No, she was found. By him. Against her desire, against her will.

He circled around the tailgate, stepping into clearer view. Broad shoulders, shaggy hair, strong jaw. Mid-twenties, maybe? He leaned against the rear quarter panel of the truck, kicking one filthy boot over the other and folding his arms over his chest.

If he thought the casual posture would put her at ease, he was mistaken.
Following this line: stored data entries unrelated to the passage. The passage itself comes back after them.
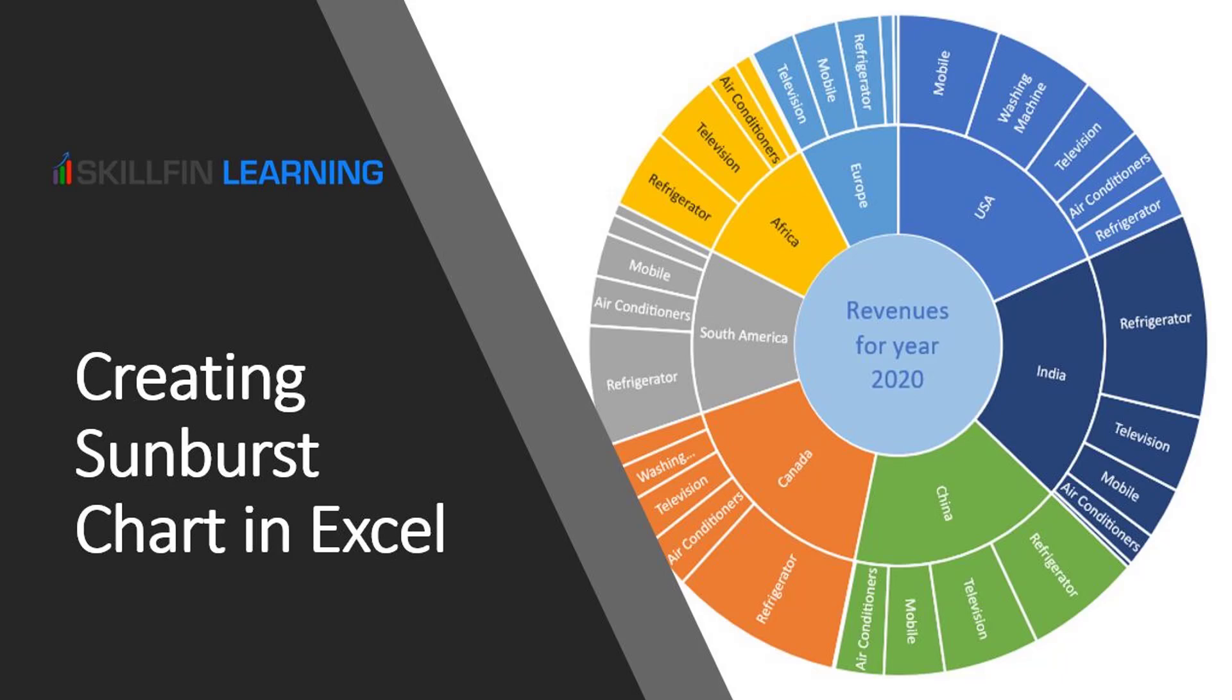Hello friends, welcome to our channel. In this video, we will discuss how to create a Sunburst Chart in Excel. If you like this video, please click on the like button and share the video link with your friends and colleagues, and also don't forget to subscribe to our channel.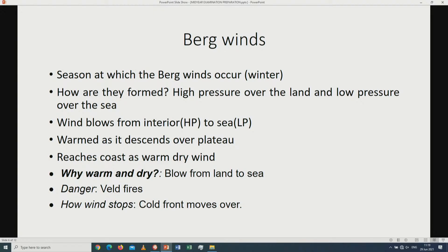Coming to the Berg winds. The Berg winds in South Africa are also known as foehn winds. We experience Berg winds during the winter months. They are formed when there is a high pressure over the land — the continental anticyclone — as well as a low pressure over the sea. The winds blow from the interior, which is high pressure, towards the sea. Warm air descends over the plateau and reaches the coast as warm and dry wind, because they blow from the land into the sea and as they descend they lose moisture.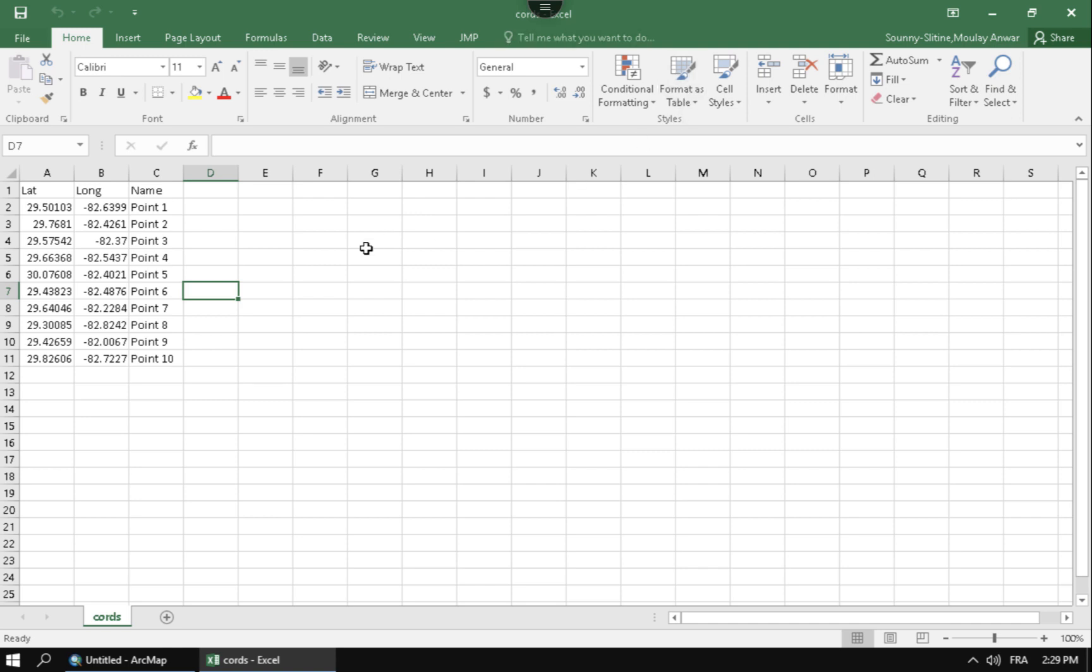Hello, so in this video I'm going to be taking these coordinates here that are in longitude and latitude and putting them into ArcMap. Most people get these in an Excel spreadsheet like this. A couple quick notes. These should be in decimal degrees.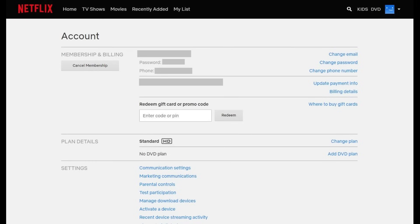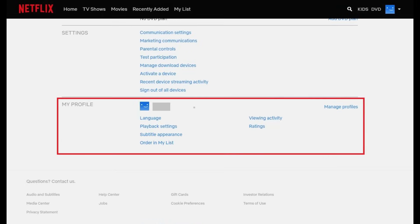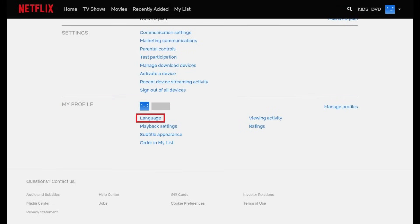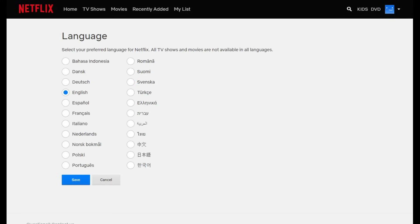Your Netflix account screen appears. Step 3. Scroll down to the My Profile section, and then click Language in the My Profile section. The Language screen appears.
“My name’s Cole,” he said, tilting his head. “I’m headed toward Lost Souls.” His voice was low and measured, nothing flashy. His eyes, though—his eyes caught what light there was, and in them, Willow saw a keen intelligence. Watchfulness. “You headed that way, too?”

Her voice cracked when she tried to speak. She cleared her throat and tried again. “You know it? Lost Souls?”

“I do,” Cole said. “Not an easy hike, if that’s what you’re doing.

There’s still a good ten miles to go. The road isn’t well marked.

Might find yourself walking up someone’s driveway without even knowing it.

And... you might not be so well received, a stranger showing up out of nowhere, unannounced. ”

Willow drew her thumbnail to her mouth, wedging it between her teeth. Her clean, white, orthodontically perfect teeth.

“Would you like a ride?” Cole asked with careful formality.

“I don’t know,” Willow said honestly. “You’re a stranger. You showed up out of nowhere. How do I know... ?” Her words trailed off. How did she know what sort of reception he was expecting from her?

He lifted his hands and showed his palms, as if that would prove his good intentions. “I’m not out here on the prowl .” The way he said it made her feel a little dumb. “Hell, I didn’t expect to round the bend and find a girl like you sitting barefoot on the point of no return.”

Willow frowned. Then she glanced down at the boulder that was her throne. Are you lost or found? “Is that what this is? The point of no return?”

“More like the boulder of fair warning. ‘Abandon all hope, ye who enter here.’”

She blanched. She was here to claim hope and hold it tight, not abandon it.

“Listen,” Cole said. “I’ll feel like hell if I drive off and leave you out here. If you want to get to Lost Souls, I’ll take you there.”

She slid off the boulder, landing barefoot in the dirt. Her heels smarted.

“Why ‘abandon all hope’?” she asked.